NORAD—the North American Aerospace Defense Command, made famous to us 40-somethings in the film War Games—began to track Santa’s annual flight from the North Pole to deliver gifts to children around the world. As recapped last week by NPR, Sears ran an ad encouraging kids to call Santa but printed the wrong phone number. NORAD was then called the Continental Air Defense Command (Alaska and Hawii weren’t yet states), and that’s the super-secret phone number the kids called.
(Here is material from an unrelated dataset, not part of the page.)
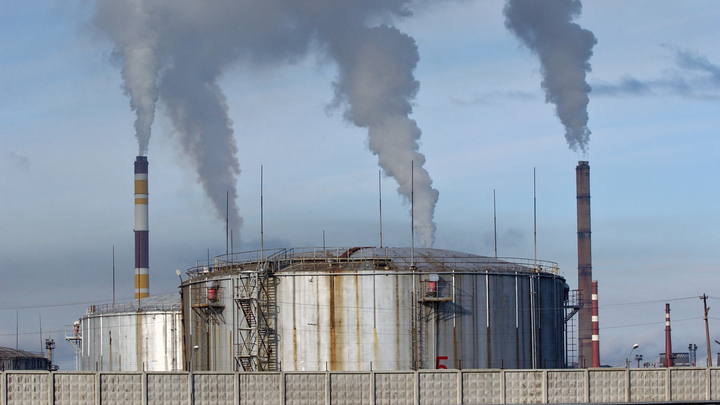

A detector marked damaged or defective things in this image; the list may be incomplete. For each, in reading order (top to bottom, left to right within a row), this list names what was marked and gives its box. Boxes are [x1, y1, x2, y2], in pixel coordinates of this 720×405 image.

Guys working to keep the United States safe from Soviet attack on Christmas Eve started joking around, and Col. Harry Shroup dialed the local radio station to report that they were tracking Santa’s sleigh. Radio stations began calling for hourly updates. The NORAD Santa tracking tradition had begun. And you can now watch it in real time HERE.
Last year was the 45th anniversary of Apollo 8, and reminiscing about its holiday adventure was the focus of our post last December 25. Apollo 8 launched on December 21, so by Christmas Eve, the spacecraft had started orbiting the Moon. Human beings had never traveled that far before and had never before looked back at Earth from the other side of the Moon. For the fuller story, take a look HERE.
Rod Serling was born on Christmas Day. Like the Lofty Duo, he attended a Midwestern liberal arts college, in his case, Antioch College in Ohio, which boasts a motto coined by Horace Mann, the college’s first president: Be ashamed to die until you have won some victory for humanity. He began his career as an actor and writer for radio, then moved to television. In 1959, his series The Twilight Zone premiered. The series played with science fiction and also tackled controversial cultural topics like race and gender. He also wrote a remake of Charles Dickens’s A Christmas Carol called Carol for Another Christmas, which aired without commercials in 1964 and featured stars such as Peter Sellers, Ben Gazzara, Eva Marie Saint, and Robert Shaw and music by Harry Mancini. Turner Classic Movies began to rebroadcast the film in 2012, after 48 years.
The Cassini spacecraft, designed to orbit Saturn, had been launched on October 25, 1997, and had arrived to orbit the ringed planet seven years later, on June 30, 2004. Cassini carried the Huygens probe, named after Christiaan Huygens, who’d discovered Titan, one of Saturn’s moon, in 1655. On December 25, 2004, Cassini released Huygens, and, on January 14, the probe became the first spacecraft to land on Titan’s surface. Cassini’s primary mission took four years, but it’s still circling Saturn and sending back intriguing information. Earlier this year, data indicated that Encalades, another of Saturn’s moons, might have an underground ocean. NASA hopes that Cassini keeps on going into 2017.
We’re fans of the scientist couple named Curie, so we extend our holiday post to include the announcement that they’d isolated radium, a then-new chemical element with the atomic number 88. Radium is radioactive, with a half-life of 1600 years. It had been used to make luminescent paint, but, in the 1920s, it became clear that the women who painted watch dials were suffering from radiation sickness, and radioactive paint was finally discontinued in the 1960s. When it decays, radium produces radon gas, which is emitted from Earth’s all the time. Radium is now used mainly in nuclear medicine. The Curies had been separately out components of pitchblende for a while and actually discovered radium five days earlier, but, in the age of the internet and social media, we’re happy to acknowledge the official announcement to the French Academy of Sciences as well as the discovery itself.